Email management for effective product managers

Product managers usually get lots of requests from almost anyone, both internal stakeholders and external customers. New feature proposals, ideas, suggestions, doubts, questions and complaints, find their way until the product manager’s desk. And one of the most (if not, the most) common channel to reach the product manager is email.

The average office worker receives around 120 emails every day and we spend an average of 1.1 minutes on each. That’s more than 10 hours per week spent on email management! And it doesn’t stop there. We often open an email, quickly skim the content and mark it as unread to handle it later in the day. That’s an entire waste of time. But, don’t panic, here’s the best part: we can dramatically improve how we handle email just creating two email labels.

The indistractable way to handle email

I’ve started my 2020 reading challenge with the book Indistractable by Nir Eyal. In his book, Nir provides a set of practices and techniques to control better our time and attention and, of course, there’s a section focused on how to manage email more effectively.

In Nir’s words, The most important aspect of an email, from a time management perspective, is how urgently it needs a reply. That was an “Aha” moment for me. I used to organize emails based on the person who sent it (customer, stakeholder…) and/or the project it was related to, but there was no clear difference between emails that needed to be responded ASAP or the ones that could stay on the Inbox for weeks.

The solution to this email re-reading mania is based on one simple rule:

Only touch each email twice. The first time we open an email, before closing it, answer the question: When does this email require a response? Tagging each email as either “Today” or “This week” […] preparing it for the second (and last) time we open it.

Simple and powerful (it reminded me of the one decision that makes a thousand I’ve talked about in a previous post). So I decided to incorporate it into my daily habits.

5 tips I use to handle email without distractions

The next day, when I got to the office and opened my computer, I created two new labels in Gmail (if you’re not using Gmail, you can create mailboxes):

  • “_Today”
  • “_This week”

Tip 1: I’ve prepended the _ underscore symbol in order to find them easily on the labels list.

Then I got through the entire inbox labeling each of the unread messages with _Today if I consider the email needed a reply the same day or _This week if I thought the sender could wait a few days for a response. That was the result:

My GMail inbox with messages properly labeled

Tip 2: I’ve taken advantage of Gmail’s Priority Inbox feature to split my inbox into 4 sections: Unread, Today, This Week and Everything else.

With that new email management technique, I felt on top of the world. But soon I found myself going back to email more often than I wanted. 😕 I had to do something to fix it so I took some more actions.

Tip 3: I scheduled a brief (30 minutes) daily meeting with myself at 9 AM to check the Email Inbox and handle the email.

Calendar with scheduled event to check email

At the end of the meeting, if I labeled any message with _Today, I also book some time later in the day to handle it and write an answer to the sender.

Cool!

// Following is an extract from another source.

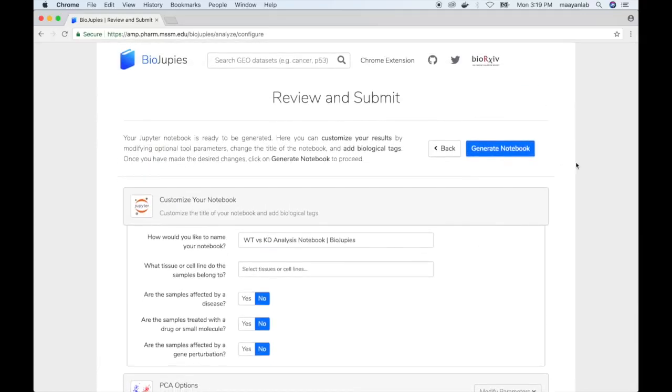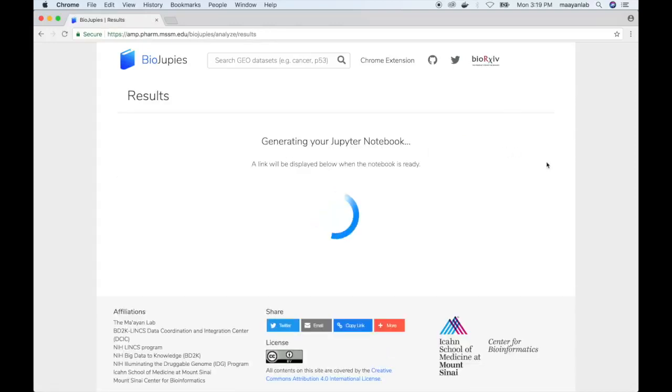Once the user has selected the desired settings, they can then click on generate notebook to launch the notebook generation job.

Now I had 30 minutes each day dedicated to handling email. But, deep inside of me, I still suffered from the Fear Of Missing Out (FOMO) an important email. And there was a little thing that was feeding my anxiety: the subtle unread messages count that Gmail shows on the tab icon.

Gmail tab icon with unread messages count

Sorry small friend, but I have to say goodbye…

I went to the Gmail advanced settings and disabled the unread message icon feature.

That worked pretty well, but after a couple of weeks, I still was going back to the pinned Gmail tab every now and then. «It’s just 1 minute while I’m for the meeting to start », I told to myself. But I was not taking into account the extra time needed to get back on task, the switching context cost. So I took a radical and courageous decision:

Tip 4: At the end of my morning Inbox check, I close the Gmail tab and I don’t open it again until the next day.

Finally, I was free! Nothing reminded me that I had unread messages until… Until I had to send an email to someone. As soon as I opened Gmail to send the email… 💣 Boom! You have 3 unread messages. And my anxiety and FOMO were back. What could I do?

I’ve googled a lot until I found a post about how to customize a link to compose a new email filling the subject and body fields. That gave me a brilliant idea:

Send email bookmark

Tip 5: Create a bookmark to Send email in your bookmarks bar pointing to https://mail.google.com/mail/u/0/?view=cm&fs=1&tf=1. When clicked, it opens a new tab on your browser with the Gmail Compose window and allows you to send a new email without seeing your inbox.

Remember this (tl;dr)

  • Label all incoming email based on when does it require a response: (1) Today or (2) This week
  • Schedule time every day to check your inbox and, after that, do not check your email until the next day.